(What you will do)
Please repeat the whole listing verbatim.

(Supplied information)
:::

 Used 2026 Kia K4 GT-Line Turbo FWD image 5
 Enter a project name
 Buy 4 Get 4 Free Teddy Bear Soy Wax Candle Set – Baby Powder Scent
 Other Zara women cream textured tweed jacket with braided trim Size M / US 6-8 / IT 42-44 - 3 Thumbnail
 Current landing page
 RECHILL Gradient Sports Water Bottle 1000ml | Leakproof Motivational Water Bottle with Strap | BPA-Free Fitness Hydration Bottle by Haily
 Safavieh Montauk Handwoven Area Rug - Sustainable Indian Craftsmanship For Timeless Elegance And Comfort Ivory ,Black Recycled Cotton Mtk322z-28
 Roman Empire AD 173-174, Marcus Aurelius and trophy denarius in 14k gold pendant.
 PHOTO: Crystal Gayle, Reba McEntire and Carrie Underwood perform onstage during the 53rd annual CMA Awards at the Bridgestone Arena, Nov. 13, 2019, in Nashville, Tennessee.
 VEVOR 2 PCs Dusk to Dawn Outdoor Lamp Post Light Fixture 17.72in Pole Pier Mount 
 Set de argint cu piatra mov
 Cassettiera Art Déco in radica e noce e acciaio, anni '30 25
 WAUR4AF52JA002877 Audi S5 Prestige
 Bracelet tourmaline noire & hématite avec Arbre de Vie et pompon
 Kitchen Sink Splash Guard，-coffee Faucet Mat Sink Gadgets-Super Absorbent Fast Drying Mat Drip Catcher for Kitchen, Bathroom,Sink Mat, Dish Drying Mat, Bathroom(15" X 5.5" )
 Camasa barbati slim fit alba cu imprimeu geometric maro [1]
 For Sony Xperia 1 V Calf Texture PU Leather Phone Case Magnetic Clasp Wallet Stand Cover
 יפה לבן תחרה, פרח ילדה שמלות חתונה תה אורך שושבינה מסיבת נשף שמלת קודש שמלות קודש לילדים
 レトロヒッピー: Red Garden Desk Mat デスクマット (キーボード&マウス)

:::

(Solution to this task)
 Used 2026 Kia K4 GT-Line Turbo FWD image 5
 Enter a project name
 Buy 4 Get 4 Free Teddy Bear Soy Wax Candle Set – Baby Powder Scent
 Other Zara women cream textured tweed jacket with braided trim Size M / US 6-8 / IT 42-44 - 3 Thumbnail
 Current landing page
 RECHILL Gradient Sports Water Bottle 1000ml | Leakproof Motivational Water Bottle with Strap | BPA-Free Fitness Hydration Bottle by Haily
 Safavieh Montauk Handwoven Area Rug - Sustainable Indian Craftsmanship For Timeless Elegance And Comfort Ivory ,Black Recycled Cotton Mtk322z-28
 Roman Empire AD 173-174, Marcus Aurelius and trophy denarius in 14k gold pendant.
 PHOTO: Crystal Gayle, Reba McEntire and Carrie Underwood perform onstage during the 53rd annual CMA Awards at the Bridgestone Arena, Nov. 13, 2019, in Nashville, Tennessee.
 VEVOR 2 PCs Dusk to Dawn Outdoor Lamp Post Light Fixture 17.72in Pole Pier Mount 
 Set de argint cu piatra mov
 Cassettiera Art Déco in radica e noce e acciaio, anni '30 25
 WAUR4AF52JA002877 Audi S5 Prestige
 Bracelet tourmaline noire & hématite avec Arbre de Vie et pompon
 Kitchen Sink Splash Guard，-coffee Faucet Mat Sink Gadgets-Super Absorbent Fast Drying Mat Drip Catcher for Kitchen, Bathroom,Sink Mat, Dish Drying Mat, Bathroom(15" X 5.5" )
 Camasa barbati slim fit alba cu imprimeu geometric maro [1]
 For Sony Xperia 1 V Calf Texture PU Leather Phone Case Magnetic Clasp Wallet Stand Cover
 יפה לבן תחרה, פרח ילדה שמלות חתונה תה אורך שושבינה מסיבת נשף שמלת קודש שמלות קודש לילדים
 レトロヒッピー: Red Garden Desk Mat デスクマット (キーボード&マウス)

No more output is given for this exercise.